The dowager Prince remarries when Enjolras is eleven and that seems to solve the problem for a moment or two. The new Queen is beautiful and tall and proud and everything a Queen should be, and if she isn’t as gentle and steady and brilliant as the late Queen, well…sacrifices have to be made, and the late Queen was one in a million anyway.
That lasts for about a year and a half, perhaps two. She settles in, sinks her claws in, promotes her own men over the heads of those who served under the late Queen, and it’s ignored because things are finally, finally stable.
Then her eye turns outward and her grip turns cruel.
They go to war, against the mountainous country to the North, because their Queen has a hungry gleam in her proud eye and a taste for blood on her plush lips. It drags, months into years, and their armies break on the stronghold of the North like water on stone.
The Prince Consort dies in the third year, a wasting illness that the healers cannot help and are at a loss to explain. Enjolras is the country’s last tenuous connection to their late Queen and their late idyllic country, and he’s sixteen and scared and so angry he can’t breathe. He starts appearing in the war councils and petitioning for peace, because the North has never done anything to them, and attacking a country just for the sake of the riches in their mountains is downright wicked. His mother would never have stood for it and neither will he.

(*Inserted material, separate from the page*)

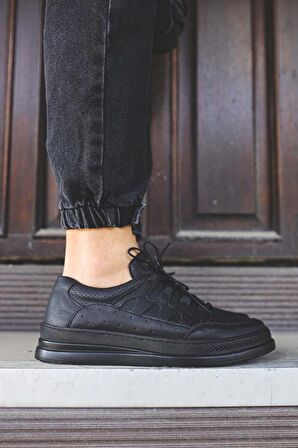 Chekich CH040 ST Erkek Ayakkabı SİYAH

The problem, of course, is that his stepmother has very different rules about what things will and will not be stood for. A wished-for boy of seventeen standing up with a tongue as sharp as a needle and arguments as strong as silk threads and a mind as bright as gold in the sun is not one of them. The war ends, yes. But not in peace talks.
The war ends with the Queen barricading herself in her quarters for three days and three nights, and when she emerges, she sends the captain of her own guard to the head of the army. Captain Javert is nothing if not loyal, to law and to country and to Queen, and he goes, and he rains destruction down on the North like nothing they’ve ever seen.
When the army marches back, they bring prisoners of war, and news of a broken kingdom. Enjolras is standing in the great hall when they arrive at the palace, dressed in his favored red military coat with the circlet of the Crown Prince hidden in his loose gold curls. The Queen takes the heavy silver chain of office offered to her as a spoil of battle and drapes it around her neck and smiles, lips painted like blood. Some of the prisoners are furious, angry and spitting, and they die, screaming, under an invisible hand. The others are quiet, after that.
Enjolras doesn’t hide his disgust, his lip curling every time he looks at her, and when eyes fall on him for orders, he tells them to unchain the prisoners and see that they’re well cared-for. They are not in the fashion of taking slaves, after all, and this…this is barbaric.
The Queen doesn’t much care for that, either.
It’s another year of precarious politics and silent battles over fine china and jewels before his manservant pulls him into an alcove and informs him that the Queen is plotting his murder.
Obviously, Enjolras’ first instinct is to declare this publicly and bring her down in dramatic fashion, because he is done watching her corrupt his mother’s legacy and abuse his people. His manservant, who has served his family for years, since they saved him from twenty years wrongful imprisonment for an attempt to feed his sister, makes the entirely accurate statement that she’ll kill him outright. The Queen, Valjean reminds him seriously, is a sorceress of not-inconsiderable power, and wished-for Enjolras may be, but he’s flesh and blood and bone, not gold and silk.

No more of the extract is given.